[Start of section]
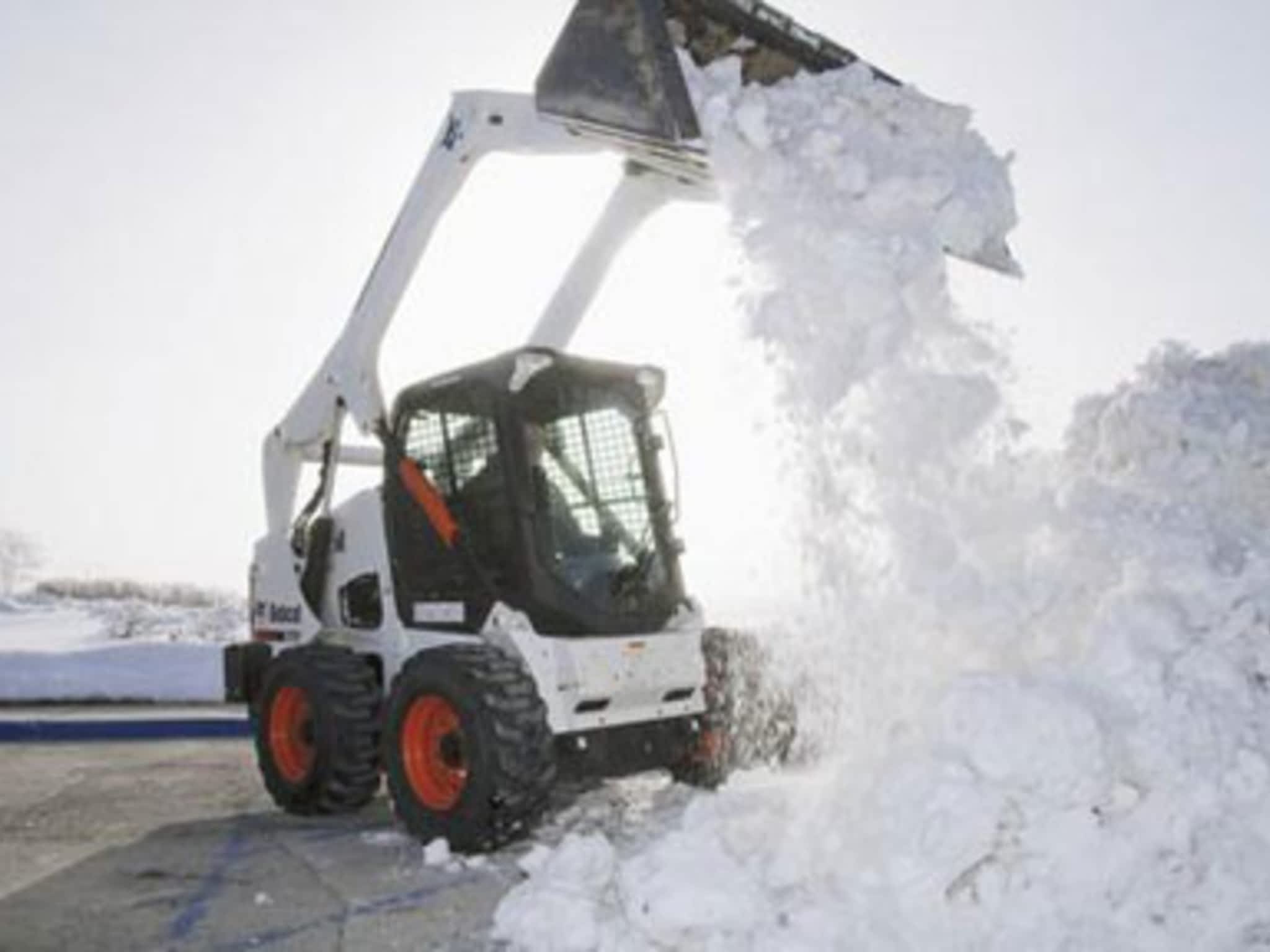 photo Fast Trac Excavating Contracting Snow Removal & Salting Service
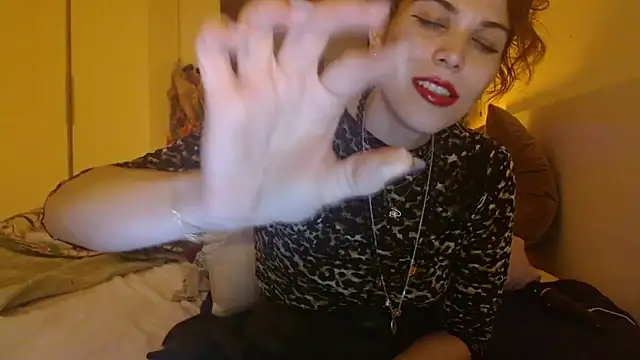 refem9 online show from November 10, 5:34 pm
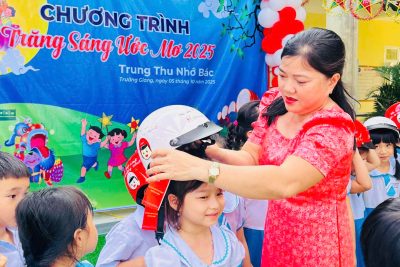 Sáng ngày 6/10/2025 cấp mũ bảo hiểm cho 91 em học sinh lớp 1 năm học 2025 -2026.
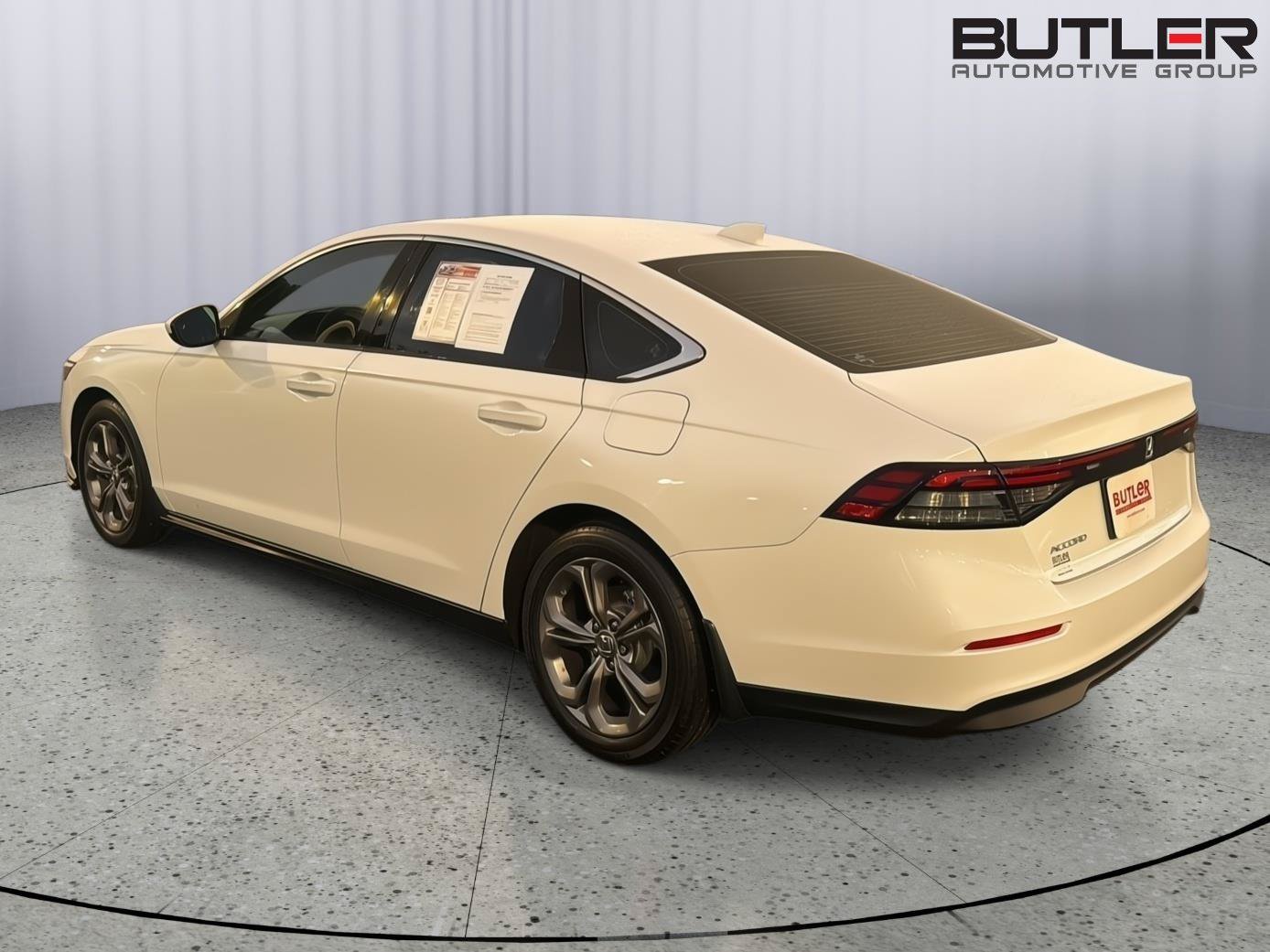 Used 2024 Honda Accord EX image 4
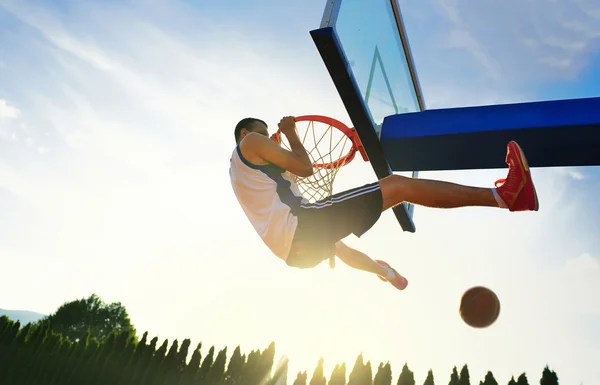 Jogador de basquete de rua executando queda de poder . — Fotografia de Stock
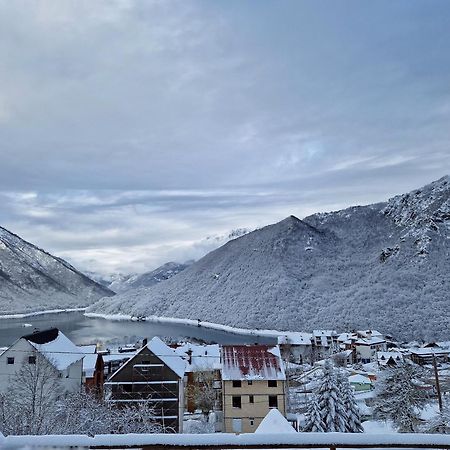 Guesthouse Madzarevic ปลูชิเน ภายนอก รูปภาพ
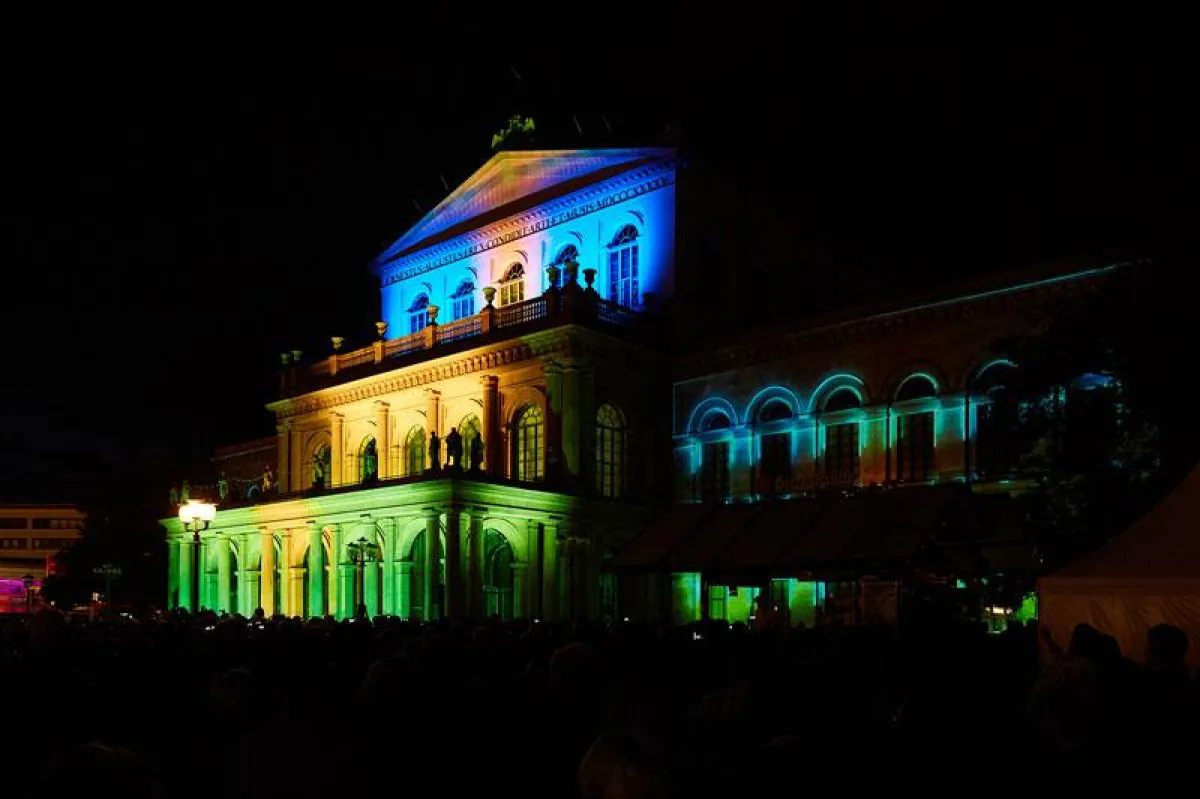 Video- und Lichtshow auf der Fassade des Opernhauses (Foto: Jens Anders)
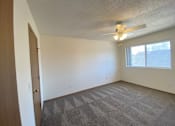 Thumbnail 21 of 28 - East Gate Estates Living room, New Prague, Minnesota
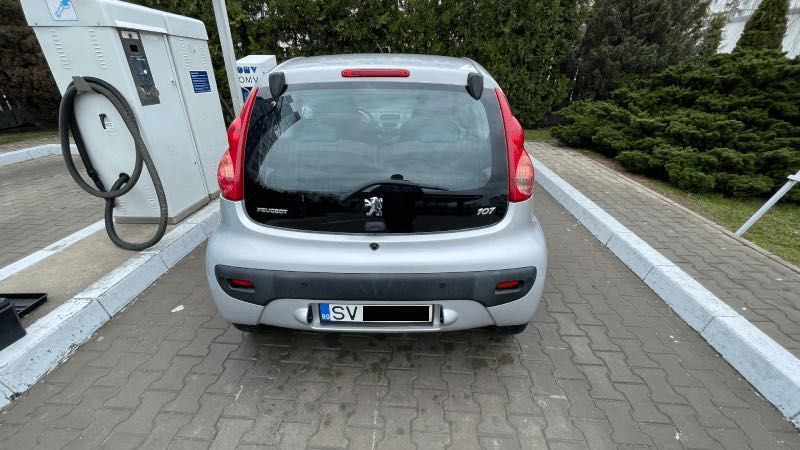 Vand Peugeot 107 benzina, an 2008 cutie automata 119.000 Km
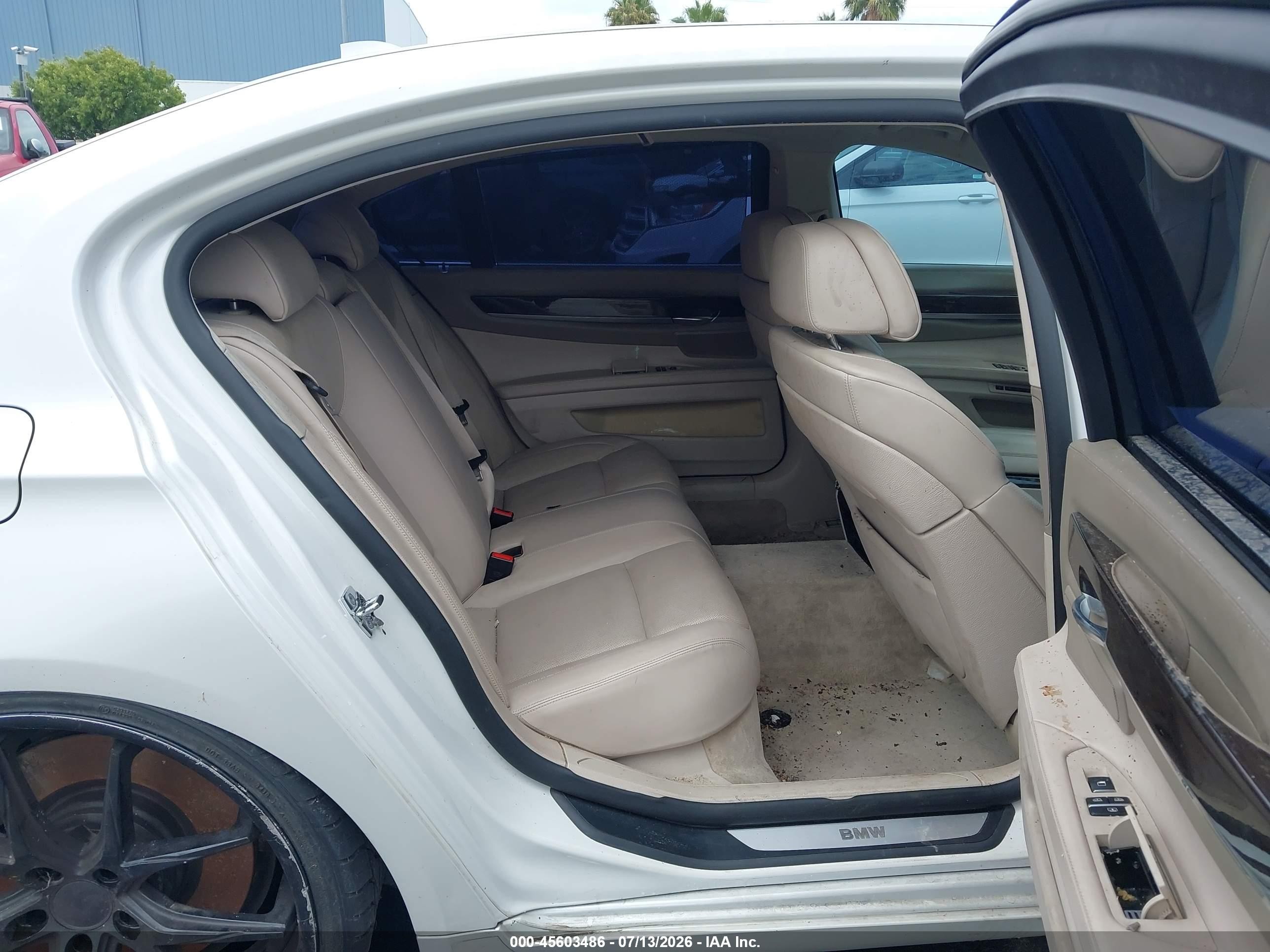 2009 Bmw 750li   White vin: WBAKB83519CY58773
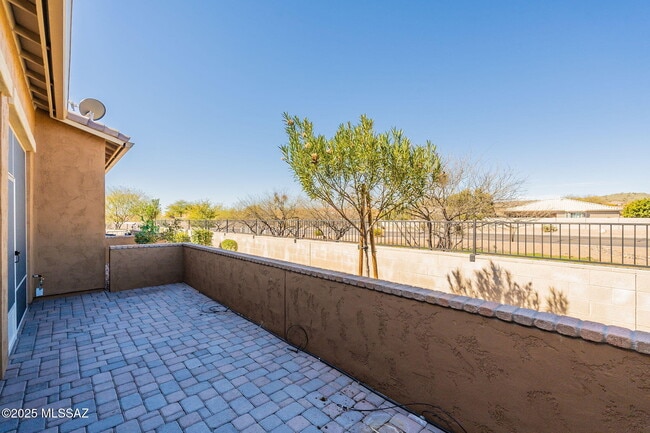 Building Photo - 39548 S Summerwood Dr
[End of section]
*What the task requires*: At the line containing "Sáng ngày 6/10/2025", begin reproducing the entries word for word, and continue through their last line. Leave out the pictures.

*Solution to the exercise*:
 Sáng ngày 6/10/2025 cấp mũ bảo hiểm cho 91 em học sinh lớp 1 năm học 2025 -2026.
 Used 2024 Honda Accord EX image 4
 Jogador de basquete de rua executando queda de poder . — Fotografia de Stock
 Guesthouse Madzarevic ปลูชิเน ภายนอก รูปภาพ
 Video- und Lichtshow auf der Fassade des Opernhauses (Foto: Jens Anders)
 Thumbnail 21 of 28 - East Gate Estates Living room, New Prague, Minnesota
 Vand Peugeot 107 benzina, an 2008 cutie automata 119.000 Km
 2009 Bmw 750li   White vin: WBAKB83519CY58773
 Building Photo - 39548 S Summerwood Dr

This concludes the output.